### Task objective
For this exercise, retype all the data exactly and exclude every image.

### Given information

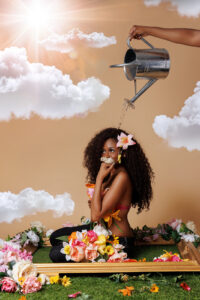 Dreamy birthday photoshoot set edit with teen girl, moss, gold frame, florals, clouds, and a baby chick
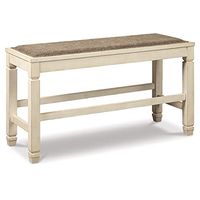 Signature Design by Ashley Bolanburg Counter Height Dining Room Upholstered Bench, Two-tone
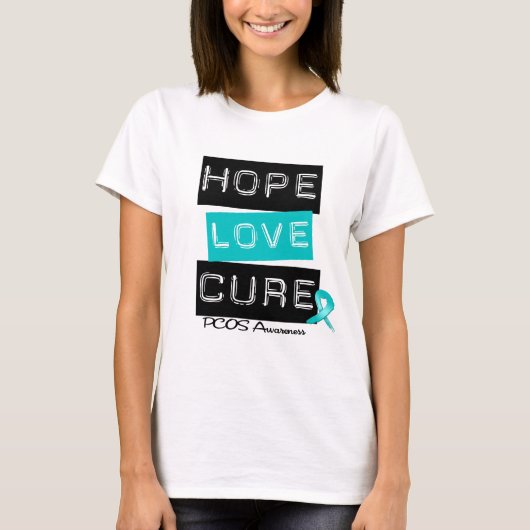 PCOS Awareness Hope Love Cure T-shirt (Voorkant)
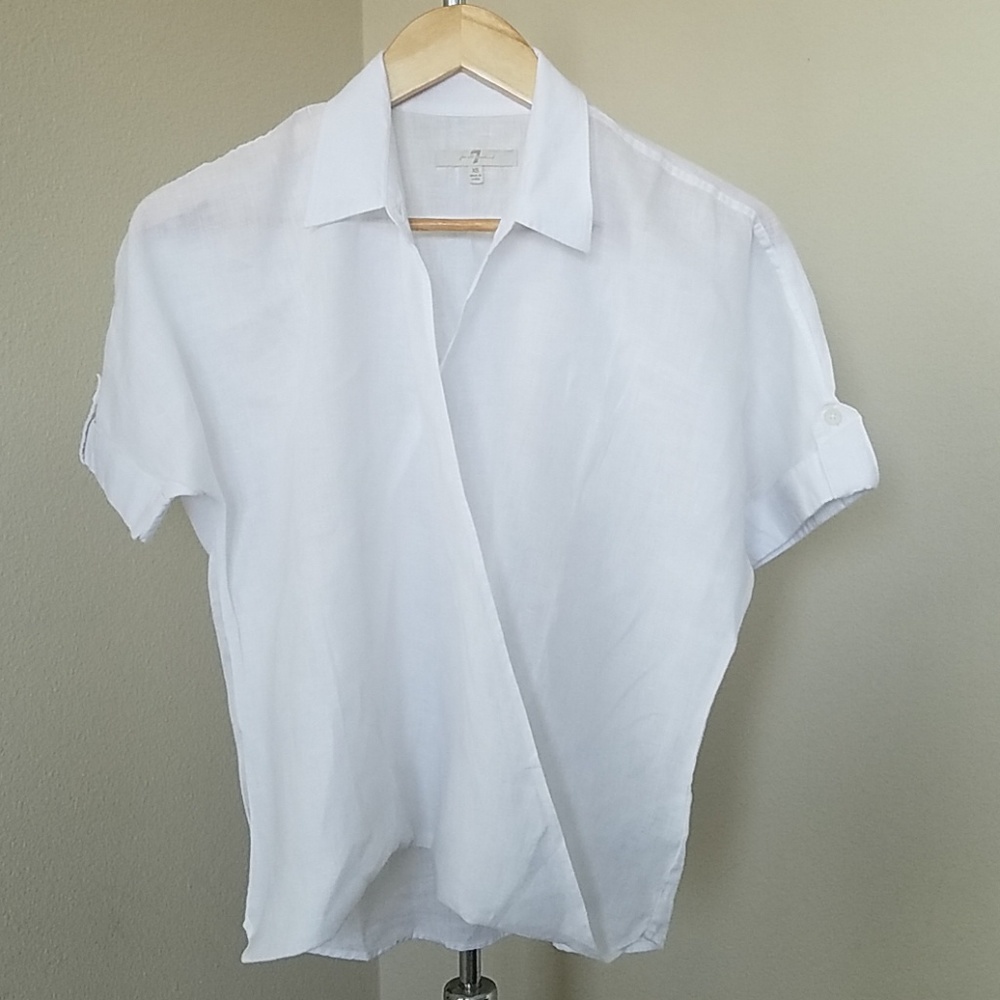 7 FOR ALL MANKIND 100% Linen Blouse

### Written response
 Dreamy birthday photoshoot set edit with teen girl, moss, gold frame, florals, clouds, and a baby chick
 Signature Design by Ashley Bolanburg Counter Height Dining Room Upholstered Bench, Two-tone
 PCOS Awareness Hope Love Cure T-shirt (Voorkant)
 7 FOR ALL MANKIND 100% Linen Blouse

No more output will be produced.